With the ‘Valley Girl’ remake hitting VOD tomorrow, it’s as good a time as any to remind yourself that the dumb blonde stereotype is bullshit

Coming to VOD near you is Valley Girl, a musical remake of the hit 1983 teen rom-com. Directed by Martha Coolidge, the original gave all of America an insight into what it meant to be a “Valley Girl,” reveling in mall culture, bitchin’ slang, totally 1980s fashion, a kick-ass soundtrack and crushing on rising It Boy, Nicolas Cage. The film also gave rise to a fresh form of “dumb blonde,” a stereotype that’s been long used — and underestimated — in the movies. 

In the new Rachel Lee Goldenberg-directed Valley Girl, out tomorrow, Jessica Rothe stars as Julie Richman, a pretty, popular and perky teen queen who seems to have it all. She’s even dating the school’s most coveted bachelor, Mickey. (He’s so fine!) However, Julie longs for something more than the world she knows. So, when a punk (Josh Whitehouse) from the wrong side of the tracks (Hollywood) crashes her friend’s party, she’s intrigued. That he encourages her to follow her fashion-designing dreams only makes him dreamier. But can their love survive peer pressure, culture clash and prom?

To celebrate Valley Girl, we’re looking back at some of the best “dumb blonde” movies in cinema history.

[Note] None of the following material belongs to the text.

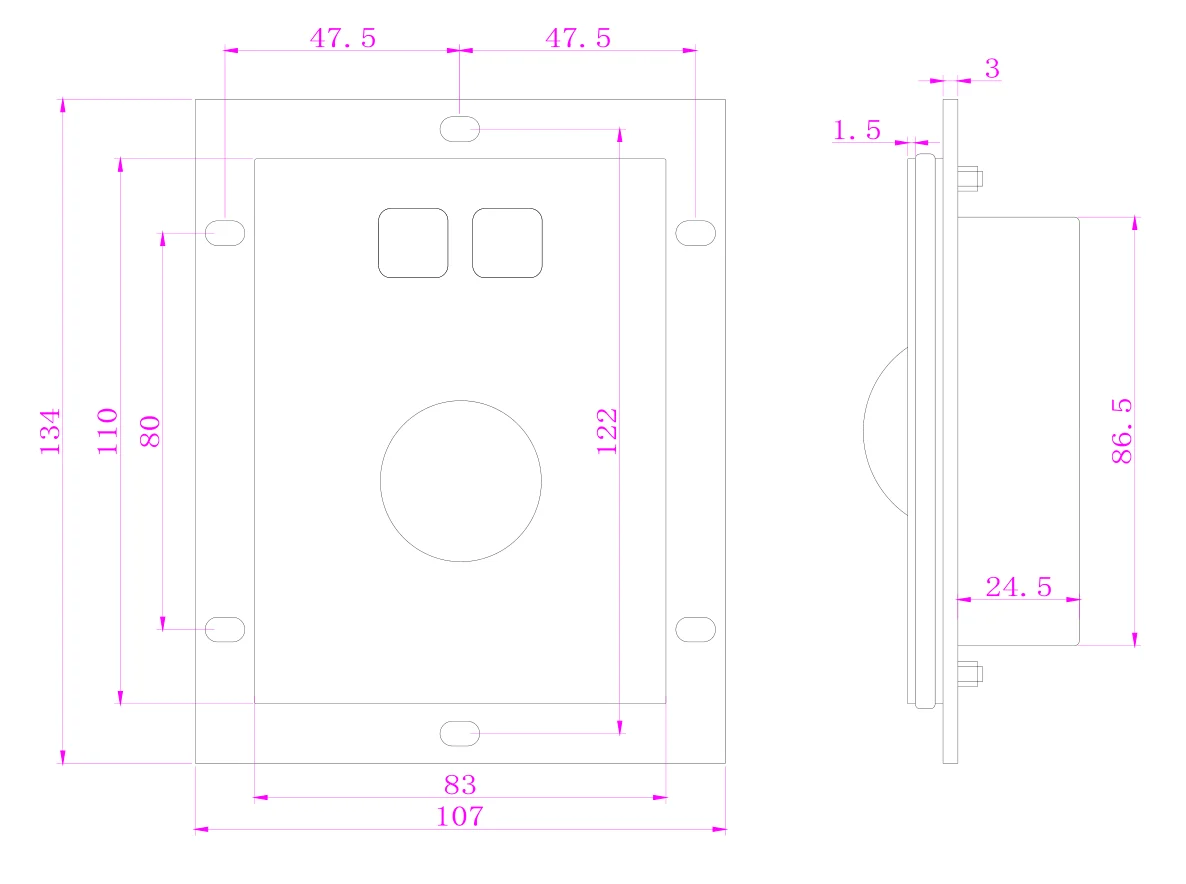 Stainless Steel Material Panel mount 38mm industrial mouse buttons Explosion-proof trackball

While the stereotype has been kicked around for cheap jokes for ages, these fair-haired heroines show that being blond, beautiful and bubbly doesn’t mean being brain-dead. In matters of business, education, love and murder, these movies prove you shouldn’t underestimate the so-called “dumb blonde.” 

Happy Death Day 1 & 2 (2017 & 2019)

Before Valley Girl, Rothe played a different kind of “dumb blonde” in this slasher and its sequel. In Happy Death Day, Tree Gelbman is introduced as a caustic co-ed who has no patience for her peers, no interest in the environment and no love for her beaus and sorority sisters. So, when she is slaughtered by a baby-masked murderer, there’s a long list of suspects. Lucky for Tree, her death day keeps rebooting in Groundhog Day-ish fashion, giving her plenty of chances to catch the killer… and die again and again and again.

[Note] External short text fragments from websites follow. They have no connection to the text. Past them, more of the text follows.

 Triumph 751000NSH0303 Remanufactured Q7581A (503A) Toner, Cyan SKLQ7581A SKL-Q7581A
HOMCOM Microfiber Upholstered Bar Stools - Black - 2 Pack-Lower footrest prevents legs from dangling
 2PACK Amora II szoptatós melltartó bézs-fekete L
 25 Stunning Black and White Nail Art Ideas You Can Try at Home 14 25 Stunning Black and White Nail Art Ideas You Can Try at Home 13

College isn’t about education as much as genre convention in this franchise: It’s the perfect place for a pretty blonde to be menaced and murdered! Tree never goes to class and shows a disdain toward those who treat college as more than a social occasion. Still, she must put her wits to the test to sleuth out who’s out to get her. Then, in the sequel, Tree’s challenges become even more complicated as she dives into an alternate dimension. In Happy Death Day 2U, she not only has to crack the familiar-but-different murder case, but also take on a crash course in quantum mechanics to get her battered butt back to her original timeline. 

Clueless (1995)

Writer/director Amy Heckerling gave Jane Austen’s 1815 novel Emma a totally rad makeover with this classic comedy. Alicia Silverstone (who also appears in the new Valley Girl) stars as Cher Horowitz, a California teen with confidence that nearly outsizes her massive wardrobe. Cher was a Valley Girl for a new era, one where we loved a plaid mini-skirt, rolled with the homies and exclaimed, “As if!” With a deep knowledge of fashion and high school cliques, she thinks she’s the perfect mentor to a clueless new girl (Brittany Murphy). However, Cher’s not so sharp when it comes to matchmaking her classmates. 

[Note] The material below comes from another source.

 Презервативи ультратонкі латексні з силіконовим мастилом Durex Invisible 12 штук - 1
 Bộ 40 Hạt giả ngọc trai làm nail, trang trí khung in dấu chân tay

Cher doesn’t know how to pronounce “Haitians” and drives like a crash-test dummy, so, you might write her off as a “ditz with a credit card” or a “virgin who can’t drive.” But you’d be totally buggin’. This Beverly Hills blonde overcomes romantic misunderstandings, battles between besties and a crushing crush to do some real good. She perfectly pairs up two lonely teachers, spearheads a disaster-relief fundraiser and realizes that her true love was right under her nose… or on her stairwell. 

Buffy The Vampire Slayer (1992) 

At first glance, Buffy Summers (Kristy Swanson) might look like an airheaded Valley Girl, who only cares about her hair, shopping and cheerleading practice. However, once she’s approached by a mysterious man called Merrick (Donald Sutherland), she is changed forever. Officially declared The Slayer, she taps into incredible powers that shoulder her with a huge responsibility. It’s up to this teen queen to save L.A. from becoming a hellmouth overrun by vampires. 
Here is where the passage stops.